The United Party for the Liberation of Ukraine (OPVU) began its activities in 1955 in the Ivano-Frankivsk region. Its members were young workers and students: Bohdan Germaniuk, Yarema Tkachuk, Bohdan Tymkiv, Myroslav and Vasyl Ploshchak, Ivan Strutynsky, Mykola Yurchyk, Ivan Konevych, and others. This underground organization was created on the principles of the OUN-UPA, but its activities were purely propagandistic. The OPVU conducted agitation among the population, distributed leaflets printed on a typewriter, and had its own charter, program, and text of an oath. The authors of the charter were Bohdan Tymkiv, Ivan Strutynsky, and Vasyl Ploshchak.
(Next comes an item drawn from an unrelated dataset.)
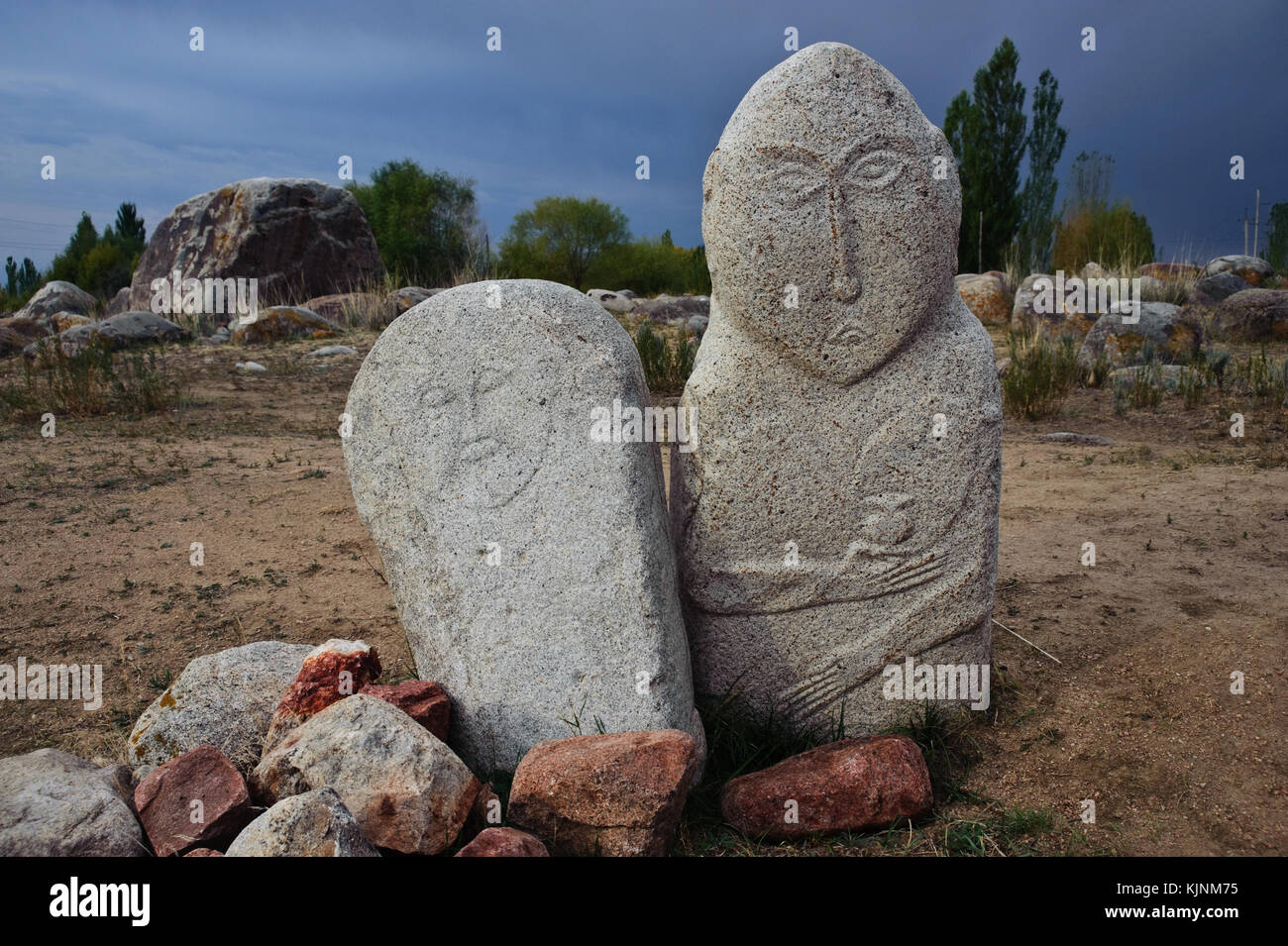 Stèle de Kurgan ( c.-à-d'balbal') ( Kirghizistan) Banque D'Images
Bohdan Germaniuk recalls: “We decided to conduct agitation work and call upon all of Ukraine, our entire Ukrainian people, to struggle: religious people, the intelligentsia, and workers—we intended to involve everyone in this struggle. In addition, we had plans to contact other republics: with Byelorussia, Estonia, Latvia, Georgia, because even then we understood that if we all fought together, the Soviet Union would not be able to withstand it, and so this idea was born among us, to unite all the republics and our entire Ukrainian people to fight for an independent Ukraine”[1].
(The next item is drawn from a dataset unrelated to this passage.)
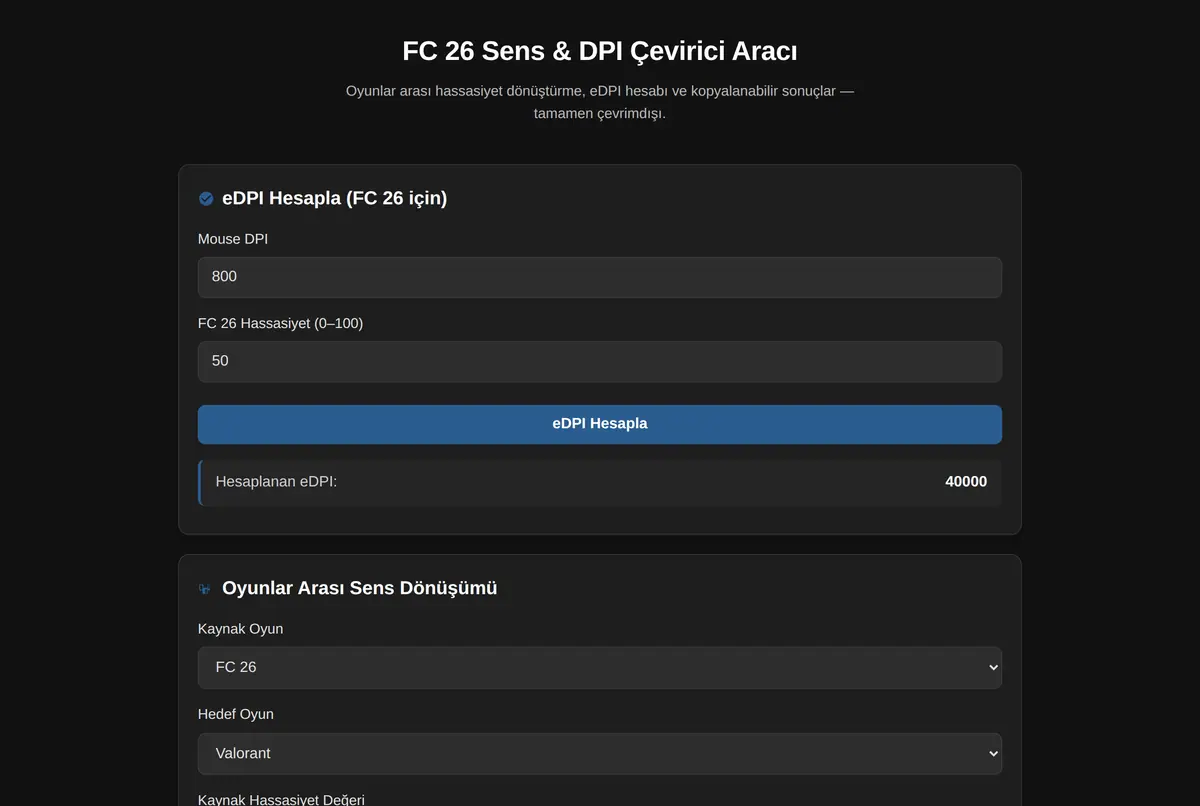 FC 26 Sens & DPI Çevirici Aracı ekran görüntüsü 2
Unfortunately, the members of the OPVU did not have time to expand their activities beyond Ukraine—their organization was exposed. The first arrests took place on December 4, 1958. Twenty-eight members of the organization were arrested and interrogated. Not all were tried, as some of those detained ended up serving as witnesses in the case. Eight men were convicted: Bohdan Germaniuk, Yarema Tkachuk, Bohdan Tymkiv, Myroslav Ploshchak, and Ivan Strutynsky each received 10 years of imprisonment; Mykola Yurchyk and Ivan Konevych each received 7 years; and Vasyl Ploshchak received 2 years of imprisonment[2].
[1] Audio interview with B. Germaniuk, conducted by V. Ovsiyenko // KHPG Archive, 2000, p. 2.
[2] Ibid., p. 4.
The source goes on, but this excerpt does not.